Question:
What did Mozart do to become famous? Why should Mozart be remembered?
anonymous
2007-01-19 14:36:35 UTC
-His full name Wolfgang Amadeus Mozart
Thirteen answers:
Geico Caveman
2007-01-19 14:38:58 UTC
Well, for starters, he wrote Twinkle Twinkle Little Star when he was four years old.



His musical career skyrocketed after that.
pianogal73
2007-01-19 14:55:52 UTC
Some of the answers above me are just wrong!!!



Ok, for starters, Mozart did not write "Twinkle Twinkle" when he was 4. He wrote a theme and variations on the tune "Ah Je vous diras, Mamman" when he was about 11 or 12. That tune is now used as the same tune as Twinkle. However, it was a pre-existing folk tune, and all he did was play around with it.

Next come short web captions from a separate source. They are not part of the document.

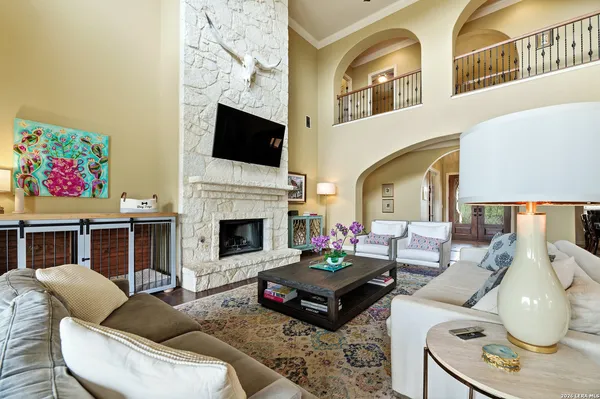 a living room with furniture fireplace and flat screen tv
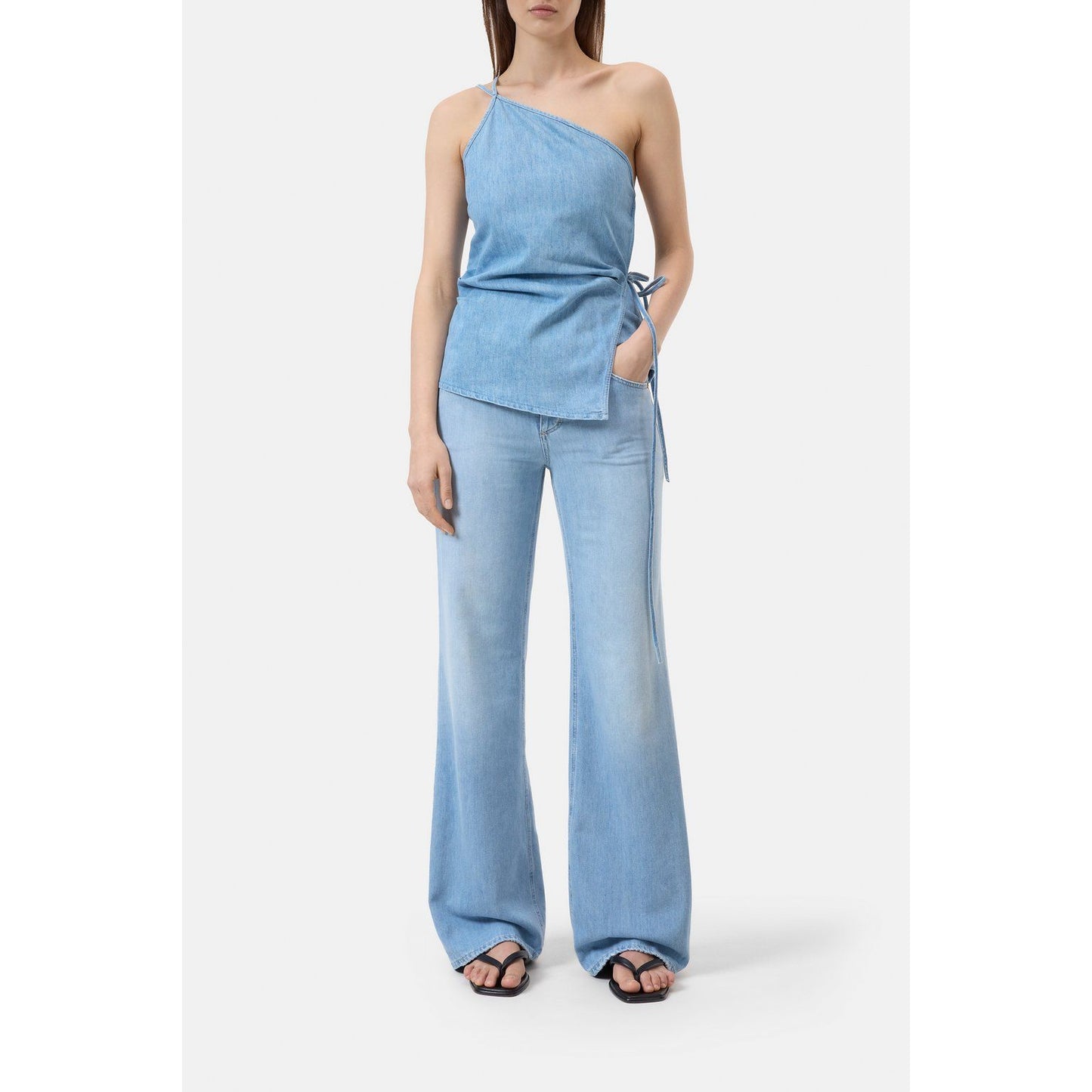 Light blue women's denim wrap top by Closed, featuring a fitted design and stylish wrap detail.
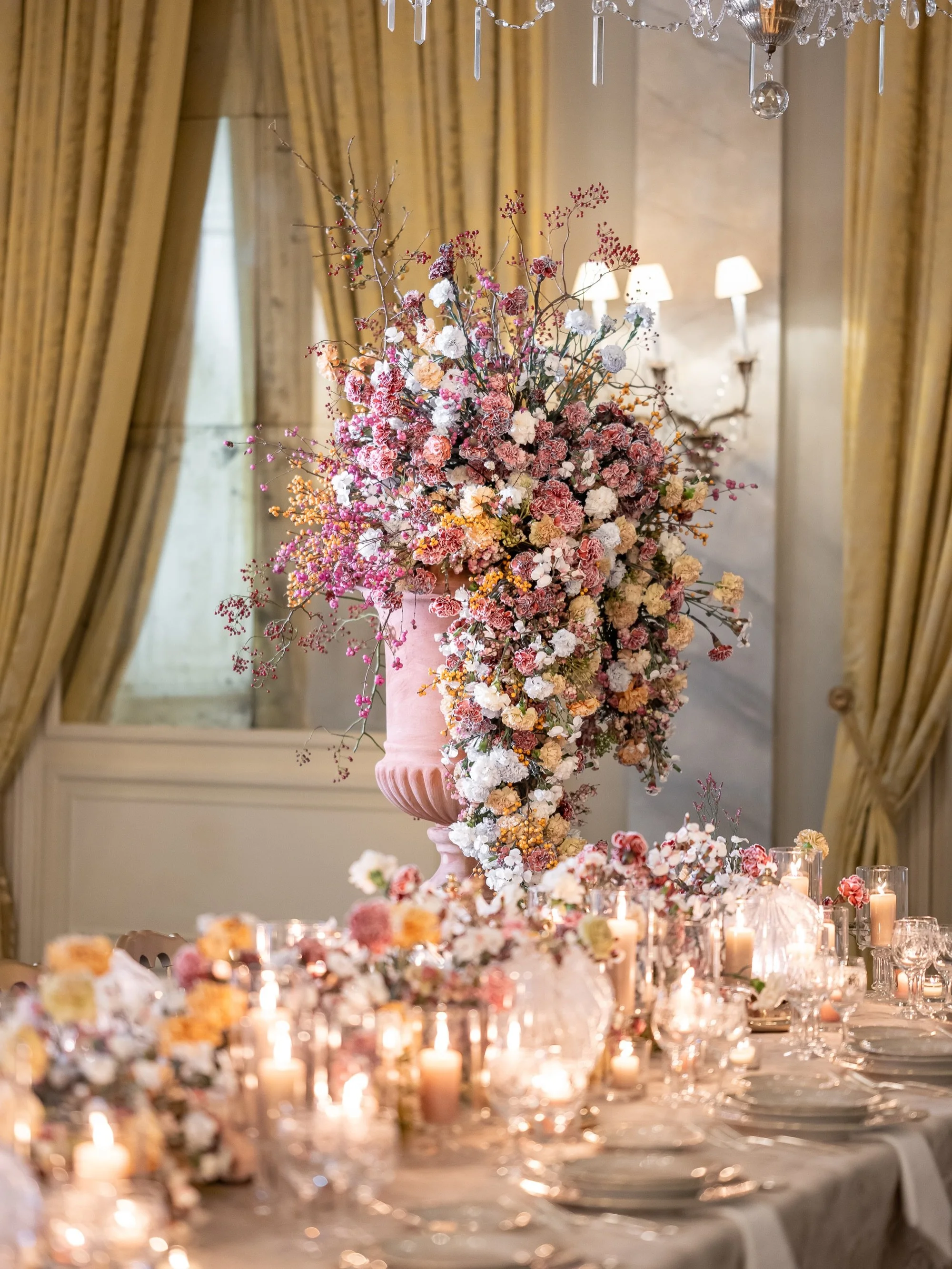 A dinner table fit for a king &amp; queen! 
For Alana and Philip&rsquo;s dinner reception we designed a large scale urn filled with specialty carnations and autumnal branches cascading onto the center of a 19-meter long table. Custom tablecloth, embr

Secondly, he didn't compose during the Baroque Era. The Baroque era ended in 1750, with the death of Johann Sebastian Bach. Mozart was born in 1756.



Mozart was a child prodigy who, at 5 years old, was performing for royalty. By the age of 6 he was composing. By the time he was a teenager, he was composing symphonies and operas. He was one of the most proliffic composers of his day, writing over 40 symphonies. He was a composing genius!!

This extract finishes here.